- Data excerpts
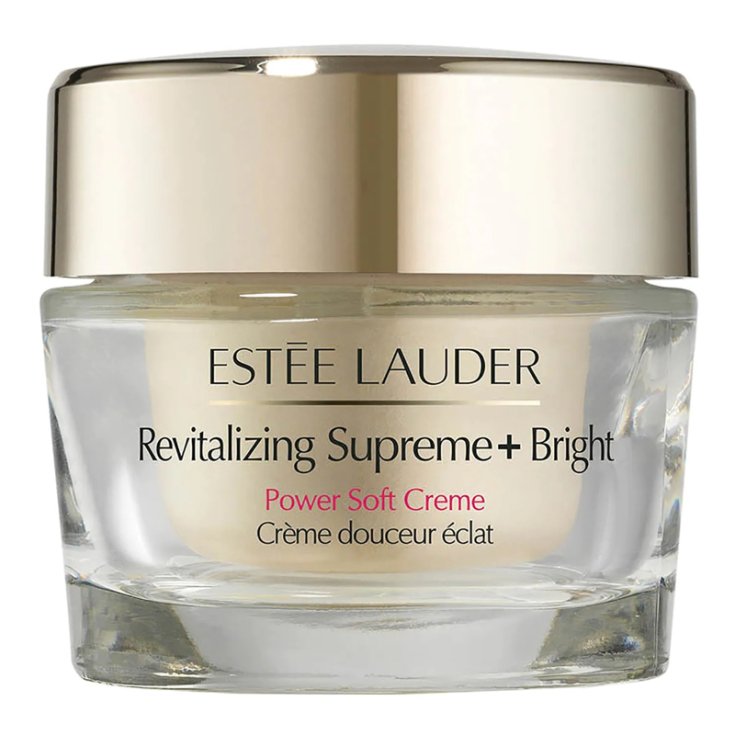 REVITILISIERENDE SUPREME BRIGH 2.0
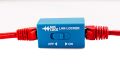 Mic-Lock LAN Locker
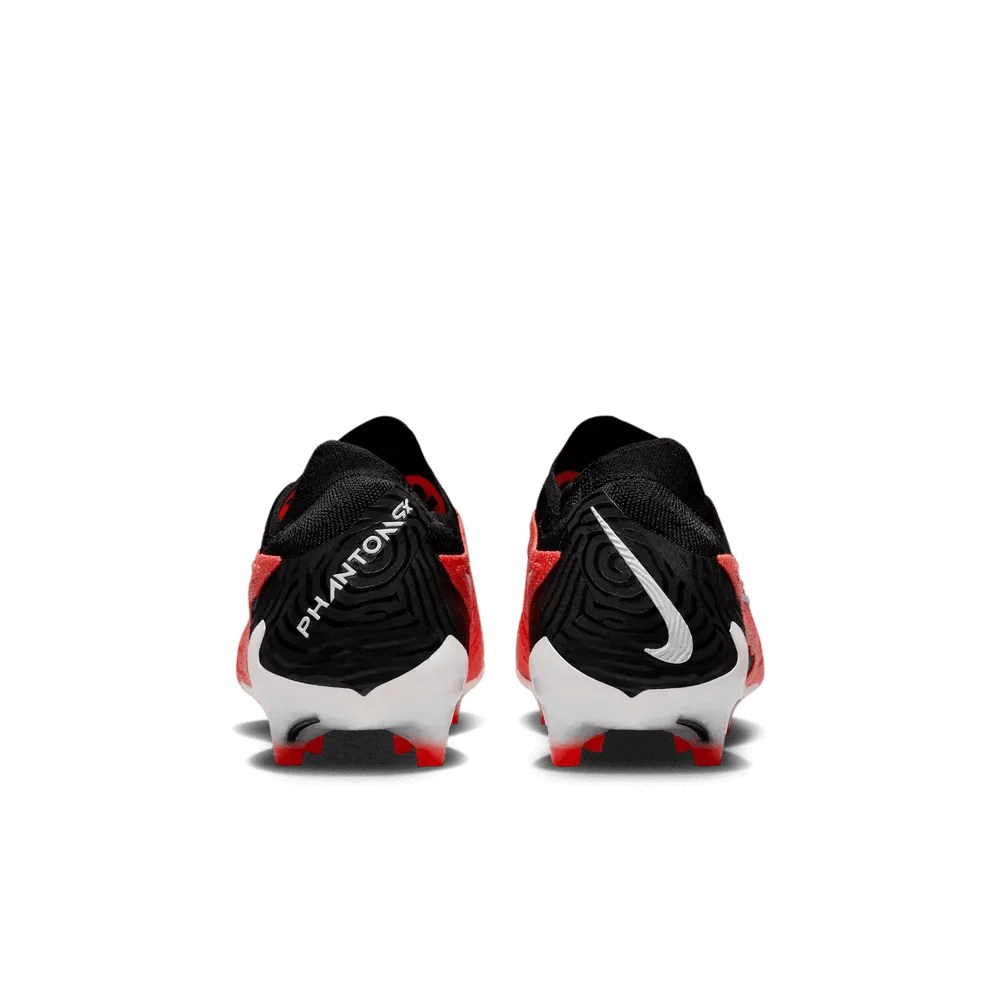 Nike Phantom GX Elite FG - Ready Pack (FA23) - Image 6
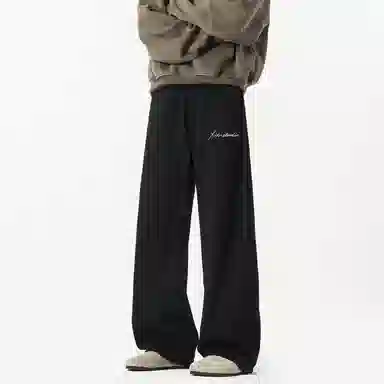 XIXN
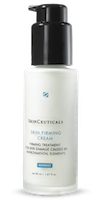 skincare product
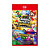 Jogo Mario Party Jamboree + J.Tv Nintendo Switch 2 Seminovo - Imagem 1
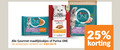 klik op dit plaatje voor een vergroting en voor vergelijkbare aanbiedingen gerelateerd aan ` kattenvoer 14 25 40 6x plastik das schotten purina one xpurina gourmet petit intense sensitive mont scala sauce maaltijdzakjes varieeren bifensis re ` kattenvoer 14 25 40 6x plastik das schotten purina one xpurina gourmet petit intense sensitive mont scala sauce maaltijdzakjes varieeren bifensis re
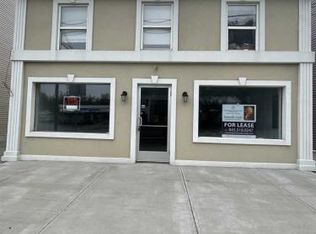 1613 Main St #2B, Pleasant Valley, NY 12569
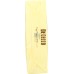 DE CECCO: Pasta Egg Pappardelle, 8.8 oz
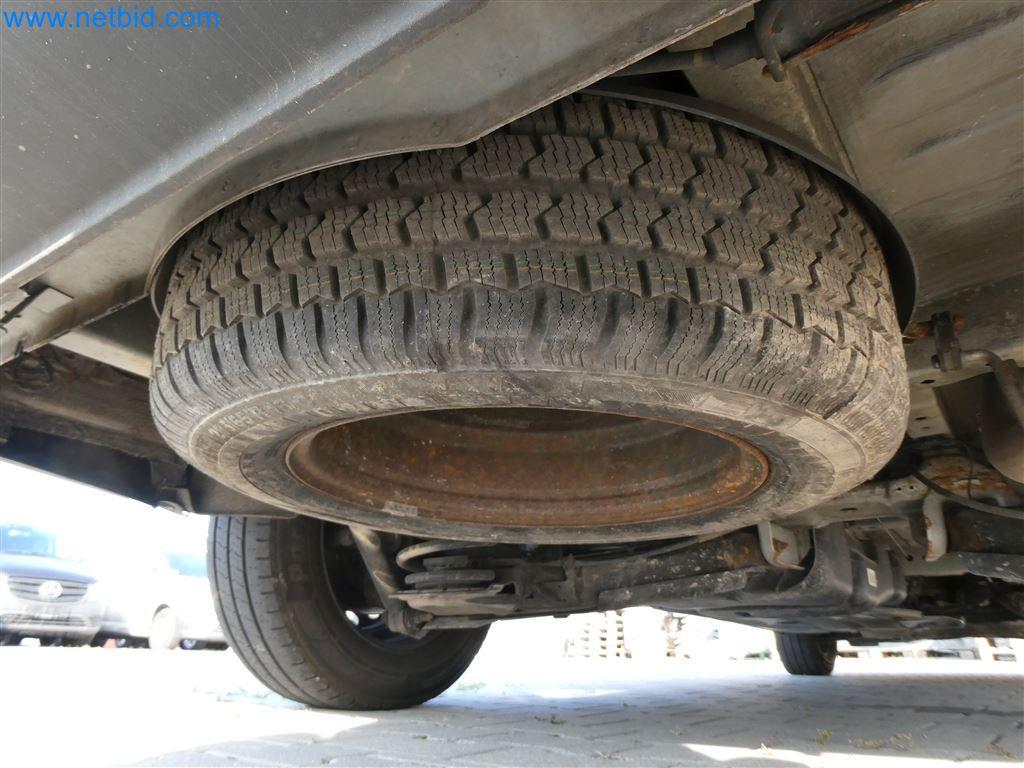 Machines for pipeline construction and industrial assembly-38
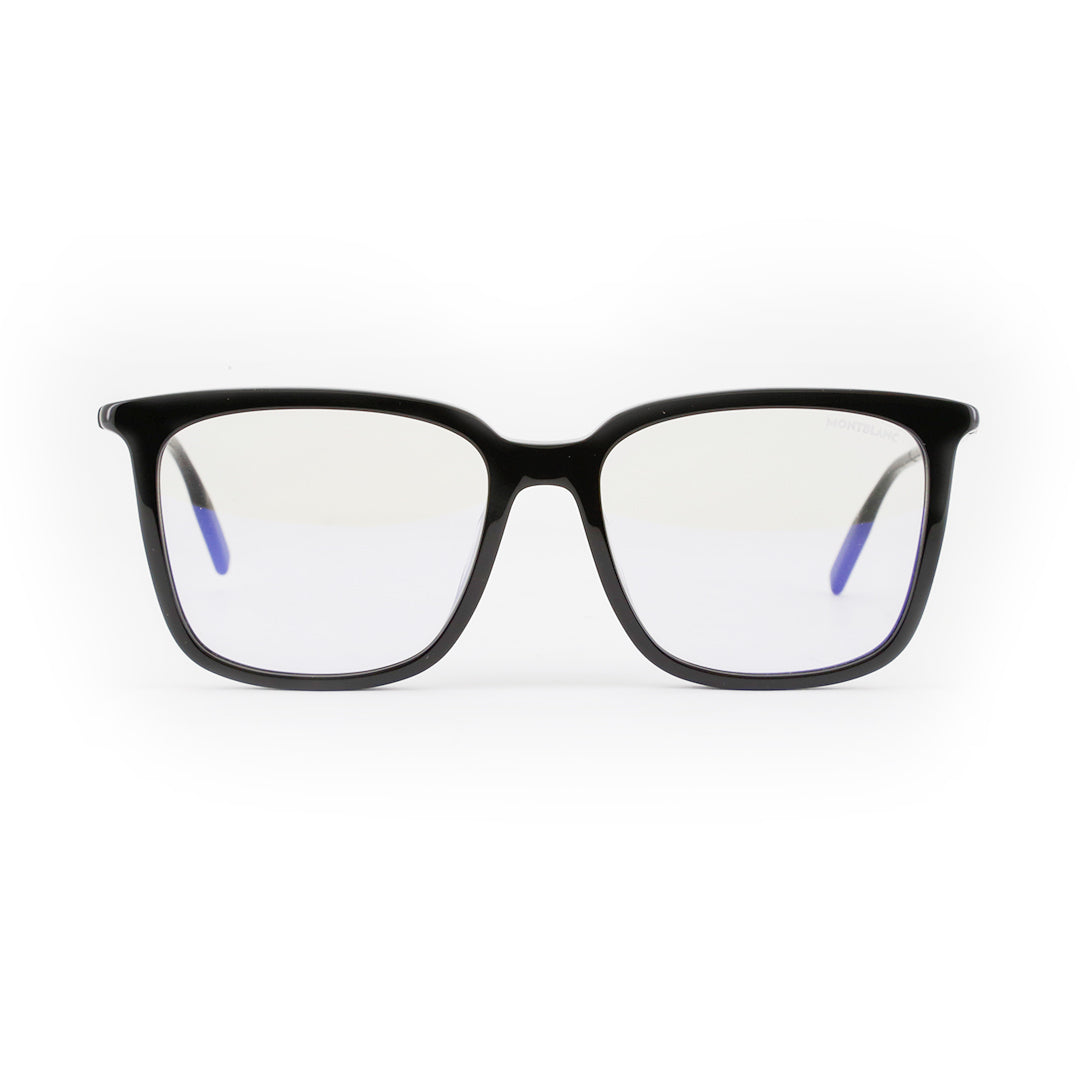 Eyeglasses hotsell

...

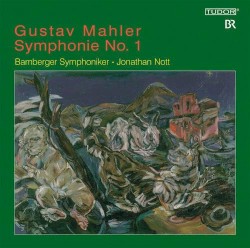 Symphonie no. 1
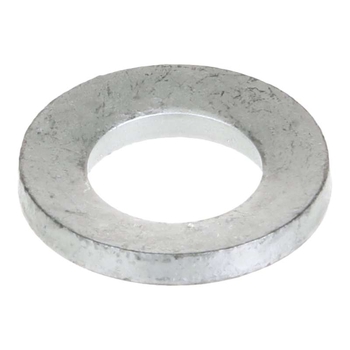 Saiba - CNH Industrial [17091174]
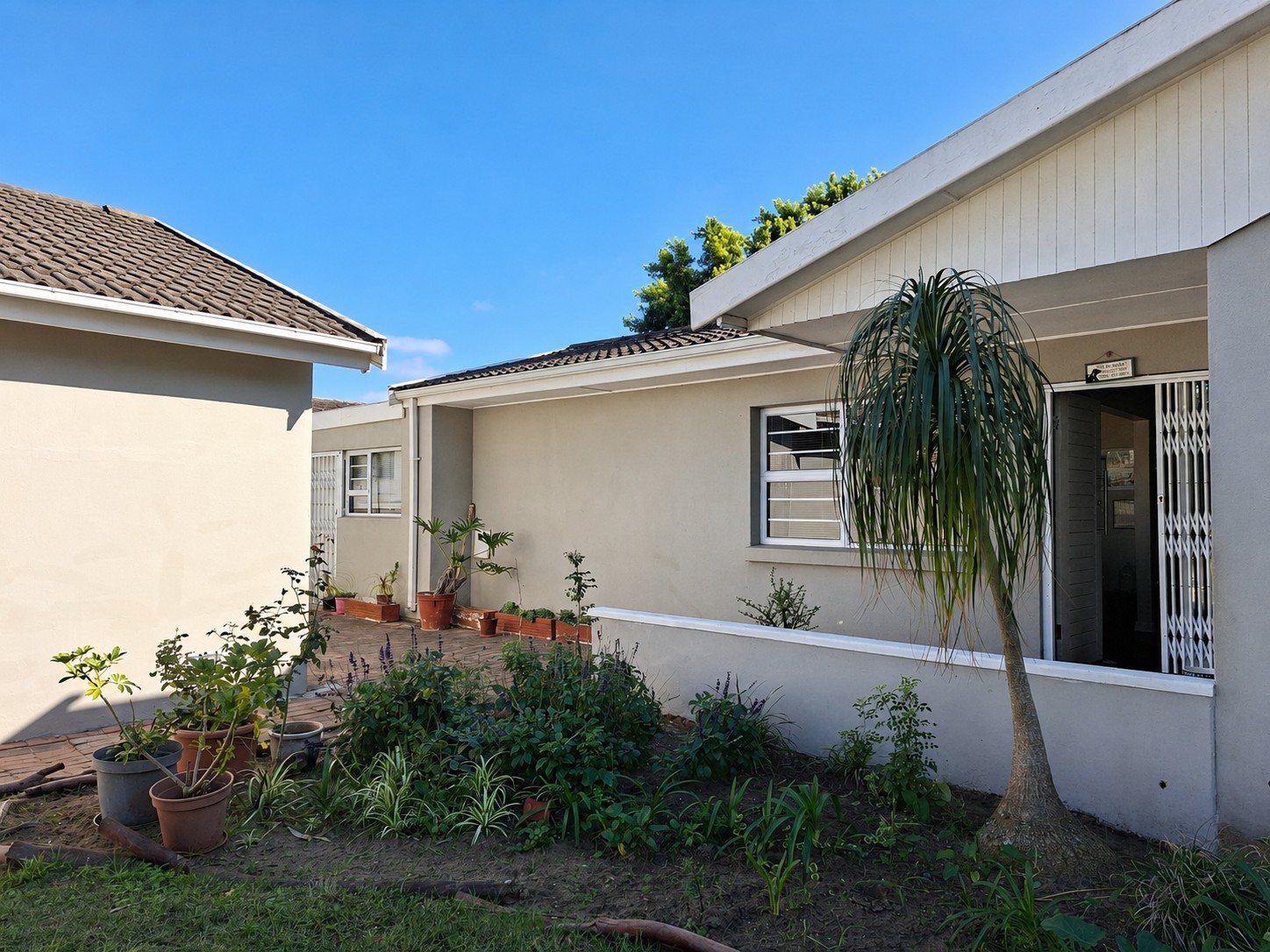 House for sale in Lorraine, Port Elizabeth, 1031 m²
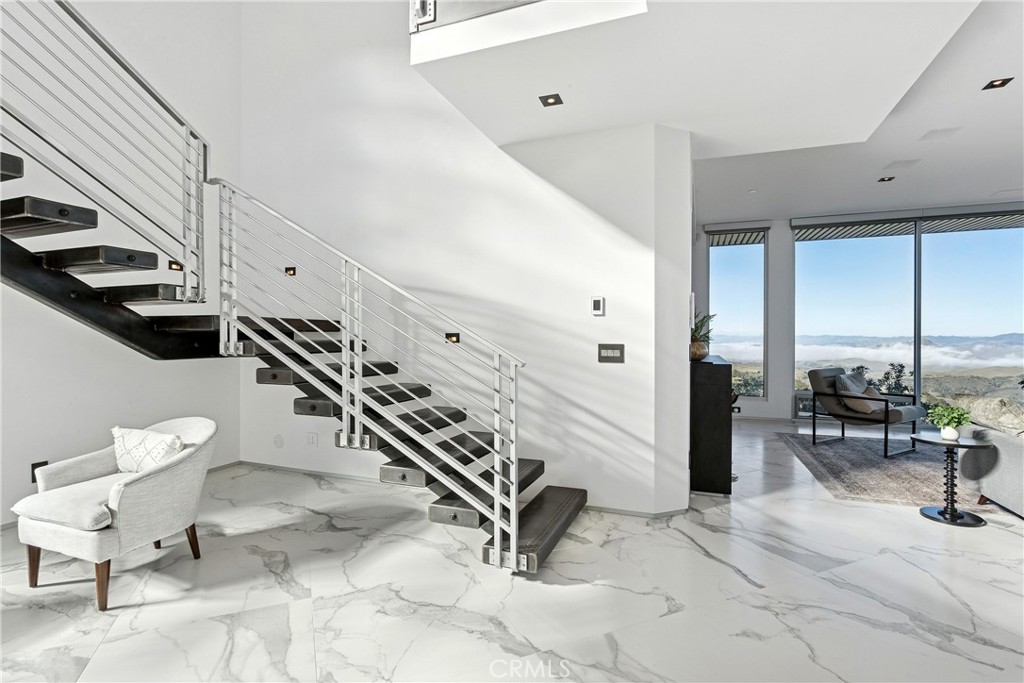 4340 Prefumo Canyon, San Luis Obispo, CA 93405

---

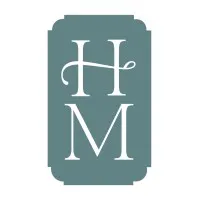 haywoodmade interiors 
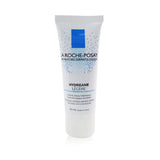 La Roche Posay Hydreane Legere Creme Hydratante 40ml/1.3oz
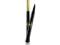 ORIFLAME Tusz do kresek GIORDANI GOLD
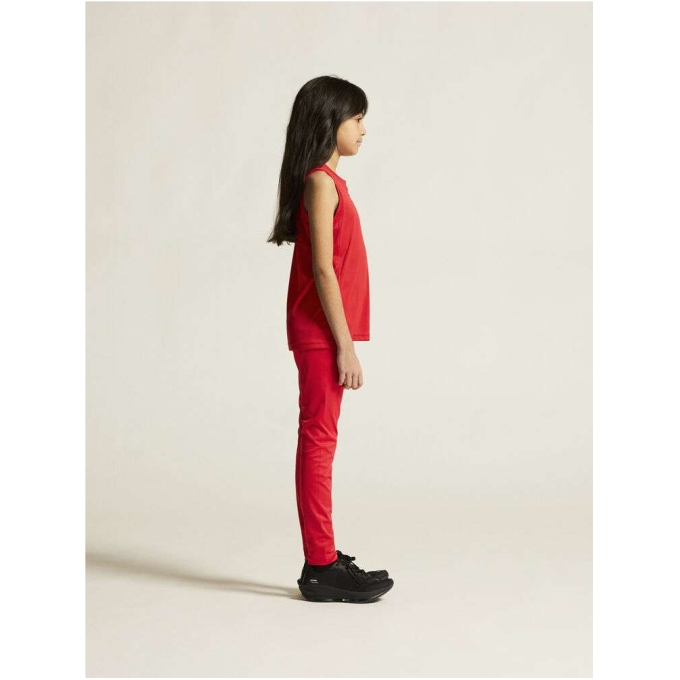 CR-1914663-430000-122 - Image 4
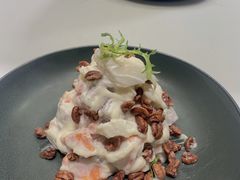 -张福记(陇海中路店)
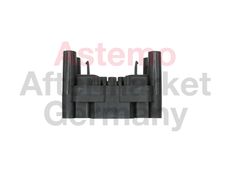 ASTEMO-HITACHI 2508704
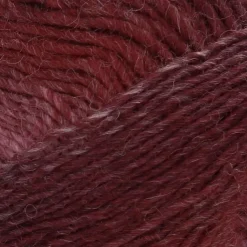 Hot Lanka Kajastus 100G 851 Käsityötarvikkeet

- Task to carry out
In the listing above, find the line with "skincare product" and the line with "Eyeglasses hotsell". Set down exactly those lines and everything between them, skipping pictures.

- Answer to this problem
 skincare product
 Jogo Mario Party Jamboree + J.Tv Nintendo Switch 2 Seminovo - Imagem 1
 klik op dit plaatje voor een vergroting en voor vergelijkbare aanbiedingen gerelateerd aan ` kattenvoer 14 25 40 6x plastik das schotten purina one xpurina gourmet petit intense sensitive mont scala sauce maaltijdzakjes varieeren bifensis re ` kattenvoer 14 25 40 6x plastik das schotten purina one xpurina gourmet petit intense sensitive mont scala sauce maaltijdzakjes varieeren bifensis re
 1613 Main St #2B, Pleasant Valley, NY 12569
 DE CECCO: Pasta Egg Pappardelle, 8.8 oz
 Machines for pipeline construction and industrial assembly-38
 Eyeglasses hotsell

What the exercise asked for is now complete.